My husband was considering the trache but he had very little use of his hands. Someone would need to be with him basically 24/7. I wasnt sleeping, working fulltime, raising a special needs child....I told my husband I couldnt commit to taking caee of a trache. There were days I was so exhausted and emotionally raw, I dont know how I could have made it with one more task. I would urge you to learn about traches, pass the info on to your pals, and make an informed decision once you have all the information.
 
You all have no idea how much you helped me by sharing these fears and concerns. I attended a few caregiver support group meetings and no one except me expressed any negative feelings. Perhaps it is the anonymity of an online support group, but whatever it is, I appreciate being able to voice my true feelings, as ugly as they make me feel. I know there are lessons for me in all this, but it doesn't make it any easier.

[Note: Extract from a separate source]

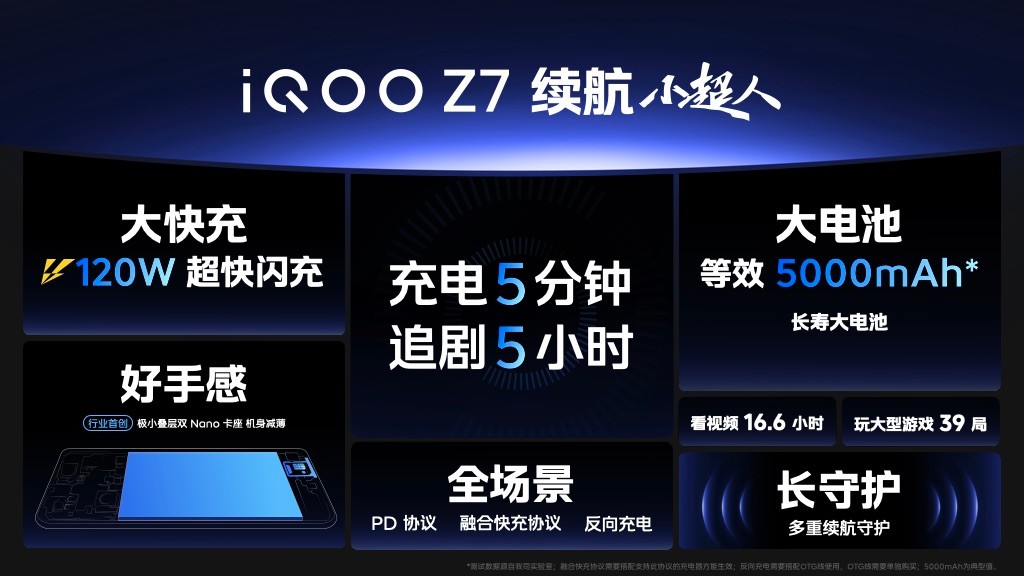 120w超级闪充适用vivoiqoo7,120w超级闪充iqoo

Sometimes, it is very hard to be loving, especially when my efforts to be loving go unacknowledged. I have called him the princess and the pea when his demands for moving a leg over one inch seem unreasonable.
I know he tries to be cooperative, but when his communication consists of only requests, it gets pretty lonely.
I wish I knew something positive to say to those of you whose PALS chose a vent. Affected, that was wise advice that the decision needs to be a joint decision.
Again, thank you for the honest sharing.